What is a Middle 8?
The middle 8 is a song section that usually lasts between 8 and 13 bars. It is often situated after the second chorus and before the last one. It can involve an instrumental solo or a lead vocal part with changed lyrics and mood.
In this article, we’re going to explain this commonly misunderstood song section in more detail. The middle 8 can even feature a completely different atmosphere in terms of the arrangement, forming an interesting contrast with the rest of the song. Quite often, it involves a key change.
Whatever you choose to put in this section, there is only one important factor to keep in mind: a middle 8 exists to bring variety to a song. It is a sort of break before we go back to the main part of the tune, the chorus. It serves the need to make the song more dynamic, as it adds movement and tension, finalized to resolve on the hook.
Is a Middle 8 the same as a Bridge?
Even if the terms are often used interchangeably, the middle 8 and the bridge are different parts of a song.
The bridge usually connects a verse to the chorus, while the middle 8 doesn’t serve as a connection but, rather, as a turning point.
For example, Lenny Kravitz’s song I’ll Be Waiting features both a bridge between every verse and chorus and a middle 8 before the last chorus.
The first bridge starts at 1:00 and takes the listener to the exploding chorus at 1:13. The middle 8, on the other hand, starts at 2:52. It presents a different chord progression and also a change in the arrangement, as it features a whole orchestra, dragging on unto the last two choruses.
Lenny Kravitz used both the bridge and the middle 8 wisely in this hit song, but let see some other examples of great middle 8s in the history of pop music.
Songs with a great Middle 8
One of the best middle 8s of all time is probably represented by the Beatles’ song A Day in the Life.

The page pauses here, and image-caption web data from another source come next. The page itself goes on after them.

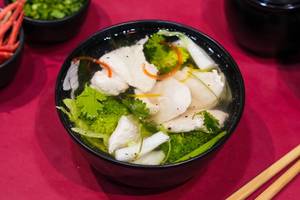 Chicken Pepper Lemon Soup
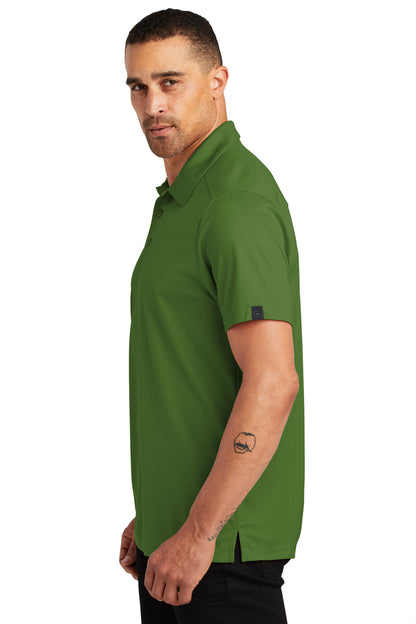 Gridiron Green OGIO Framework Polo. OG125 plain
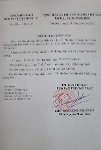 Thông báo khẩn của BCĐ Phòng chống dịch COVID-19 phường 3 (TP Vĩnh Long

The middle 8 starts at 2:17 after an orchestral break that intensively builds up towards another calmer section, somewhat symbolizing the chaos of a dream minutes before waking up. On top of adding an interesting section to the song, the orchestral break and the middle 8 serve as a sonic representation of the story portrayed in the song.
For another great middle 8, check out David Bowie’s Changes. Starting at 2:26, right after the second chorus, this section adds a certain dreamy flavor to this gritty song. A new atmosphere that perfectly tends back to another chorus.

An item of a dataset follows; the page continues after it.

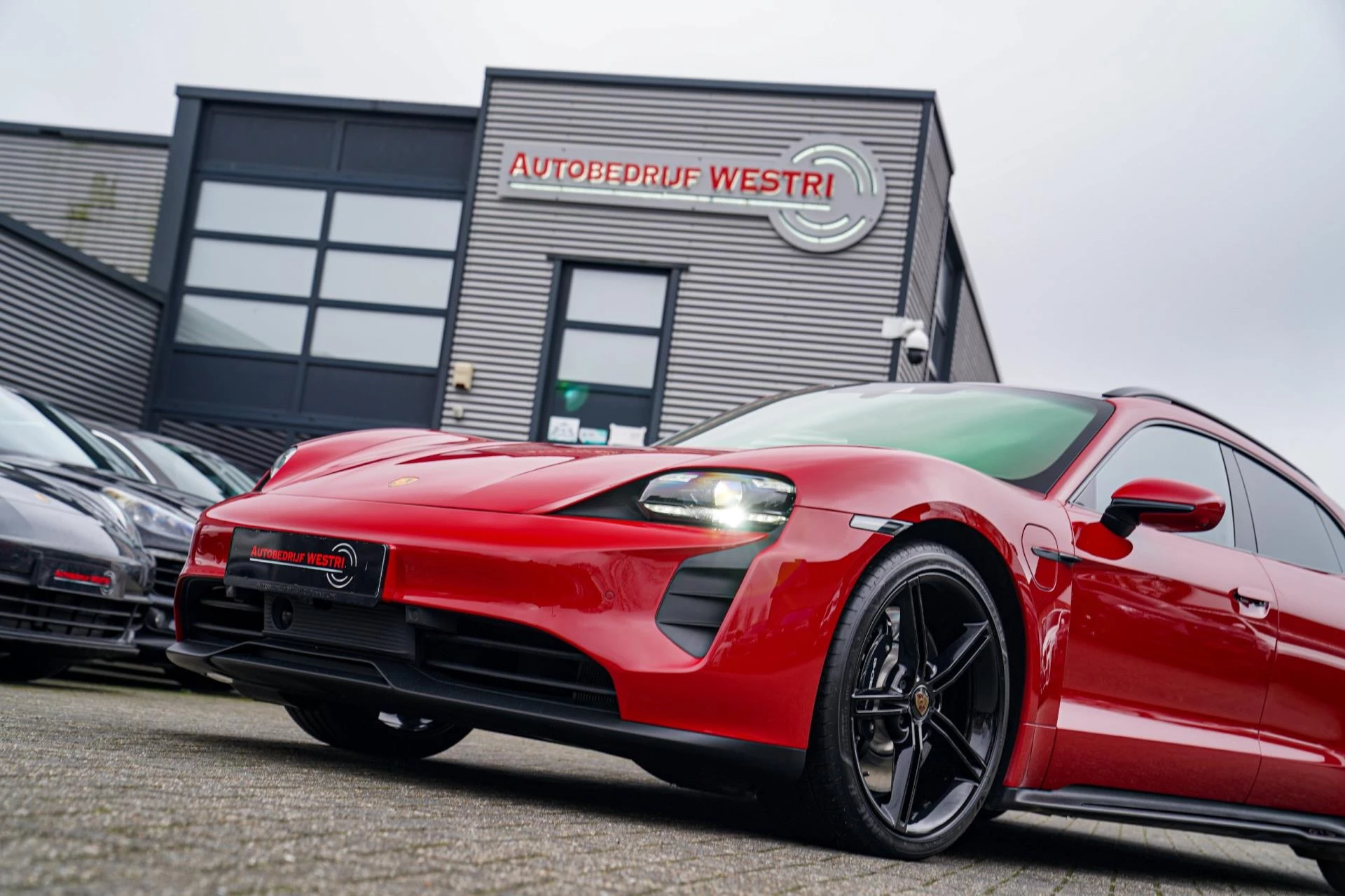 Hoofdafbeelding Porsche Taycan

Bruce Springsteen’s Born To Run offers another fantastic example to understand what a good middle 8 is. Occurring at 2:12, after an exciting sax solo, it breaks up the rock’n’roll mood of the song to bring us in a sort of eerie fantasy. The melody changes to a calmer and almost whispered tale, to build up towards an instrumental break ending with one of The Boss’ legendary countdowns that brings us back to a verse.
The ethereal Running Up That Hill by Kate Bush presents another evocative middle 8 that effectively breaks up the song to offer a more enticing rhythm before returning to the initial synth riff and then another chorus.
Let’s end with another beautiful example of female songwriting, by adding Stevie Nicks’ Edge of Seventeen. In this epic song, the middle 8 appears a bit earlier than usual, at about 2:27. A change in the rhythmical patterns of the lyrics and the overall melody transport the listener to a more dramatic mood before getting back to the initial haunting guitar riff.
How do you write a Middle 8
To write a great middle 8, we must focus on bringing movement and change to our song. A great way to do that in the songwriting stage is to bring a drastic change to the melody and deliver a completely different mood or atmosphere.
Try also to change the mode. For example, if your song is in a major mode, switch to a minor mode. Or change the key, moving one step up or down. Just make sure the melody will compel the listener to get back to the chorus, maybe through a classic open cadence (if the verse opens up on I, try to end the middle 8 with a V or IV).
As for the lyrics, they should introduce a new idea, a new act in the story portrayed by the song. Consider changing metrics too, using longer or shorter phrases.
Generally speaking, a middle 8 section is not always necessary. If misused it could actually feel like a useless addition. However, it may be necessary if a song is particularly simple or minimal in terms of melody and harmony. The middle 8, especially in these cases, can hugely help to add movement and structure.
Many artists often overlook the importance of sticking to a specific song structure. Songwriting is surely a creative endeavor, so it is okay to experiment and break the rules.
On the other hand, it is also a balancing game between innovation, repetition, hooks, and thought-out lyrics. Having a clear structure in mind not only is helpful in such a difficult task, but it is also pivotal to the achievement of a decent result.
Many songwriters, however, often confuse the sections of a song, experimenting difficulties when communicating with other musicians or with producers. We all know what a chorus and a verse are, but we can get easily confused when it comes to interludes, bridges, and other less common parts.
One of the most misunderstood terms in song structure is the middle 8. Hopefully this article has cleared it up for you!